Ela alega também desastres naturais. O que é que ela chama de desastres naturais? Em agosto de 2000 (isso tem 23 anos e meio), houve uma enchente no Rio Una, na Mata Sul de Pernambuco, que destruiu uma ponte ferroviária. Até hoje essa ponte não foi recuperada e era obrigação da concessionária repará-la. Com a interdição dessa ponte todo o tráfego ferroviário do Nordeste ao Sul do País foi inteiramente suspenso por descaso da concessionária. Quer dizer: ela mesma provoca o problema e depois vem alegar que não tem carga. Hoje a produção seria bem maior do que era naquela época e haveria muito mais movimentação.
O que vai acontecer se realmente essa intenção da concessionária se concretizar?
O Porto de Pecém vai passar a ser servido por uma extensão de 2.446 km de ferrovias. Há o trecho que sai de São Luís, passa em Teresina e vai até o Porto de Mucuripe, no Ceará com o ramal até Pecém, isso dá 1.237 km de extensão. Se você soma esses 1.237 km com a extensão de Eliseu Martins, Salgueiro, Pecém de 1.209 km de extensão, totaliza 2.446 km.
Já os portos de Natal, Cabedelo, Suape e Alagoas teriam 0 km de ferrovia. Isso é um verdadeiro absurdo que não pode ser aceito porque provoca um forte desequilíbrio intrarregional. A concessionária opera um terminal privativo do Porto de Pecém, por isso que o interesse dela é todo voltado para lá e por causa disso, pune todos os Estados do Nordeste Oriental. Hoje, da forma que ela quer, só três Estados terão ferrovia: Maranhão (a ligação de São Luís com Pecém), Piauí (a ligação de Teresina com Pecém) e o Ceará.
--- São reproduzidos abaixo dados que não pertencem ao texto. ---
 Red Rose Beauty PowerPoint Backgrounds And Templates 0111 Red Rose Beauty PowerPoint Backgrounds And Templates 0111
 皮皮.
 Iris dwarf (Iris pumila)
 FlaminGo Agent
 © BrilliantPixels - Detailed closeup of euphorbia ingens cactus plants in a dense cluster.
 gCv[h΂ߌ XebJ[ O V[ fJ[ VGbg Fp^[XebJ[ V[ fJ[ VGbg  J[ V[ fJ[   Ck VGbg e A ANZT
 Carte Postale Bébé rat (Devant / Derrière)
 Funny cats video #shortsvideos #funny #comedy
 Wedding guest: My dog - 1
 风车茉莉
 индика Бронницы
Ou seja, ela recebeu a concessão para cuidar das ferrovias em sete Estados e somente três passariam a ser alimentados por ferrovias. Isso é muito preocupante!
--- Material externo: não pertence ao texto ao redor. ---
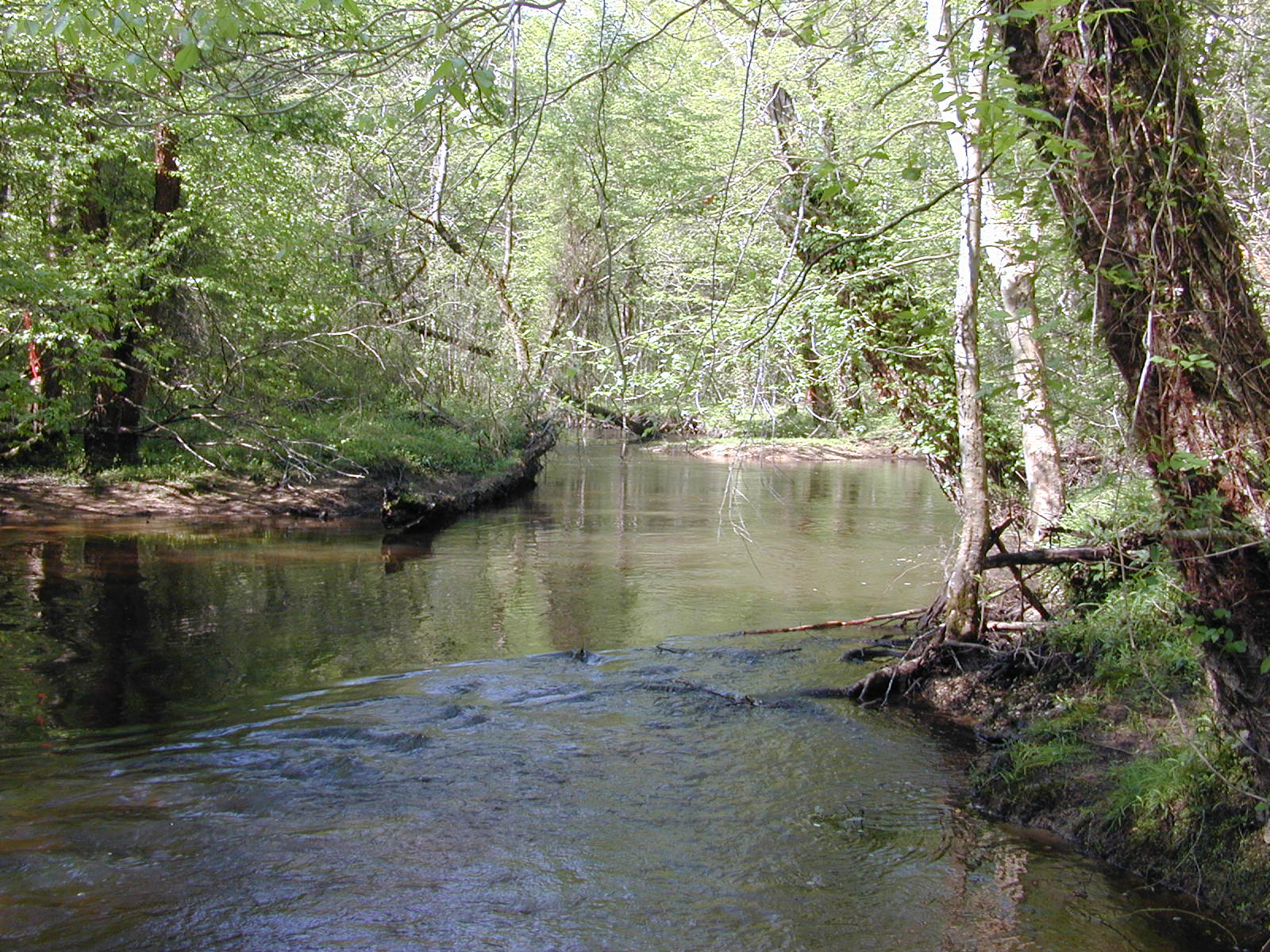 Field photo showing stream conditions at site MATT-033-S-2004-1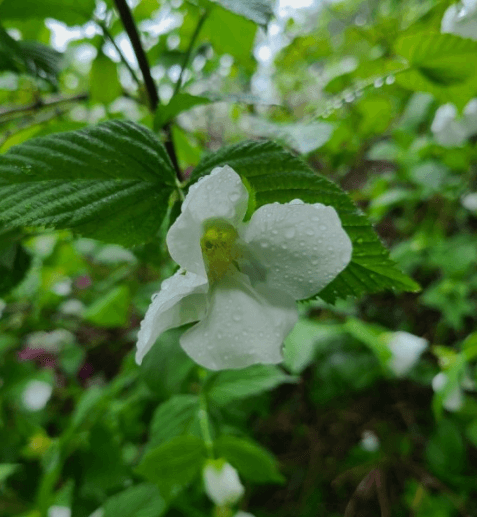 병아리 꽃나무 포토 꽃,꽃말 열매 씨앗 알아보기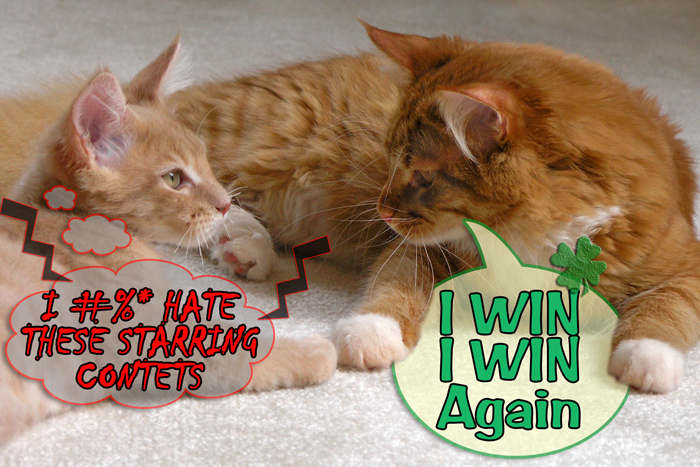 Photoshop Design by LABRIP for DesignCrowd (Community Contests) | Design #9028035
Qual seria a saída para essa situação?
O que eu defendo é que a União não aceite isso. Temos que pressionar para que o Governo Federal negue a devolução desses trechos e responsabilize a concessionária porque ela é a responsável pela concessão. É um absurdo! Ela recebeu 4.238 km para concessão e ficaria com apenas a extensão de 1.237 km, ou seja, ela vai ficar com somente 29% dos trechos originais, o resto ela abandonou tudo, deixando a região em total desamparo.
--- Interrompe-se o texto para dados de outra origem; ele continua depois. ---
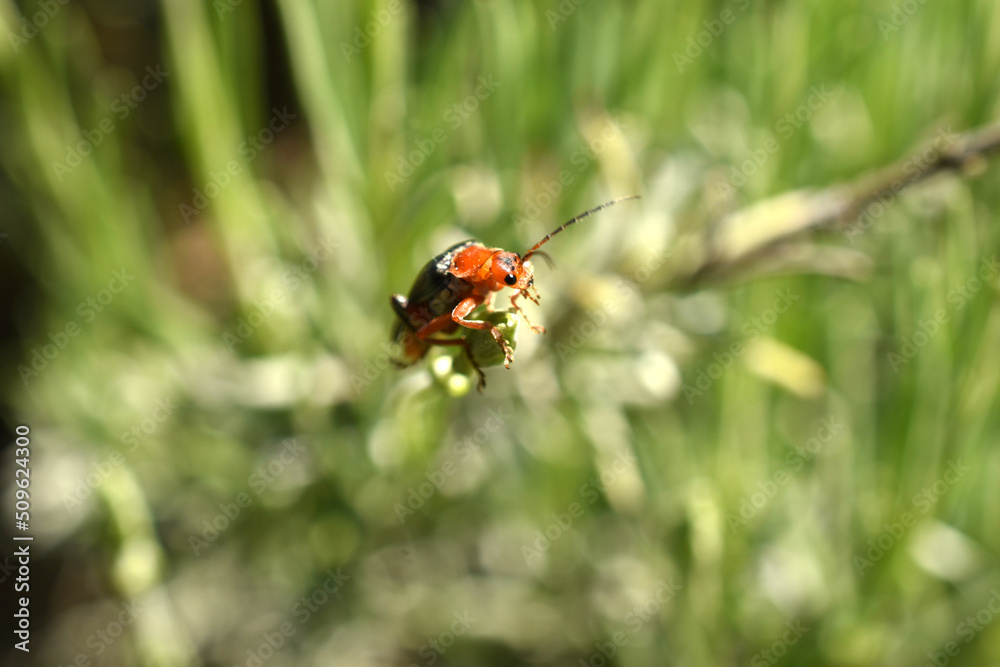 Firefighter beetle looks up while sitting on the grass. Firefighter beetle looks up while sitting on the grass.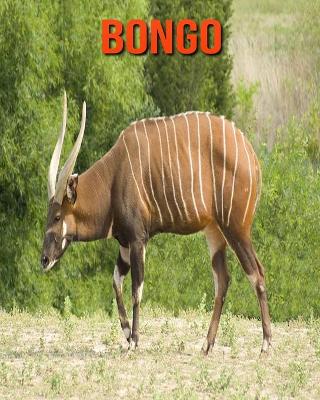 Book cover for Bongo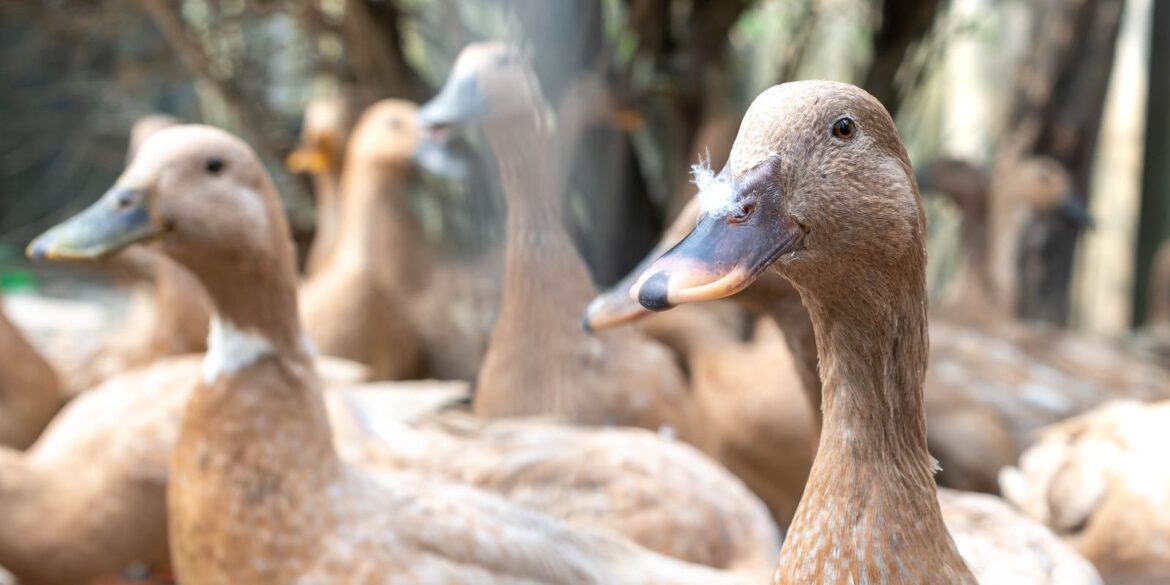entidades-defendem-projeto-que-proibe-alimentacao-forcada-de-animais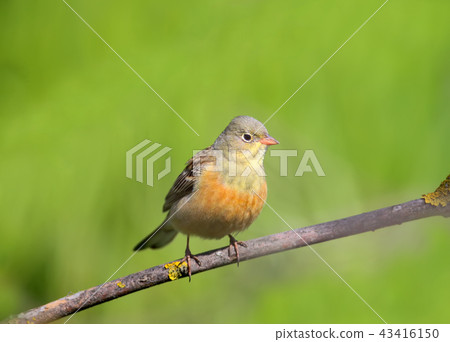 A male ortolan bunting close up photo 43416150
Na verdade, a concessionária deveria ser punida por não ter alcançado as metas de transporte de cargas previstas no contrato de concessão. O contrato reza a punição por causa disso. O que as entidades de engenharia defendem é que essa empresa continue sendo a concessionária até que uma nova concessão aconteça, porque levaria alguns anos para que se concretize uma nova licitação da malha ferroviária do Nordeste Oriental, isso demora um tempo considerável, porque serão necessários diversos estudos.
O que defendemos é que, como a empresa recebeu uma concessão, ela é responsável por essa concessão, até que ocorra uma nova licitação, porque a malha vai se degradar se ela não fizer a manutenção da via permanente.
Até o momento, a TLSA não foi punida por ter descumprido os contratos de concessão e tudo o que ela quis, até o momento, foi acatado pelos diferentes governos. Qual a chance dessa proposta ser aceita pela União e executada?
É simples, a União é o poder concedente. A concessionária faz um pedido e a União pode conceder ou negar, pode dizer: “a responsabilidade é sua até o final da concessão, até que outra empresa assuma”. Se o governo aceita essa devolução, o que vai acontecer é que a degradação vai se intensificar e não vai ter dono nenhum cuidando desses trechos ferroviários. E isso torna ainda mais grave a situação. Eu acho que tem que se lutar por essa nova concessão, mas sem tirar a responsabilidade da concessionária sobre esses trechos que ela mesma deixou ao abandono, sem movimentação de cargas.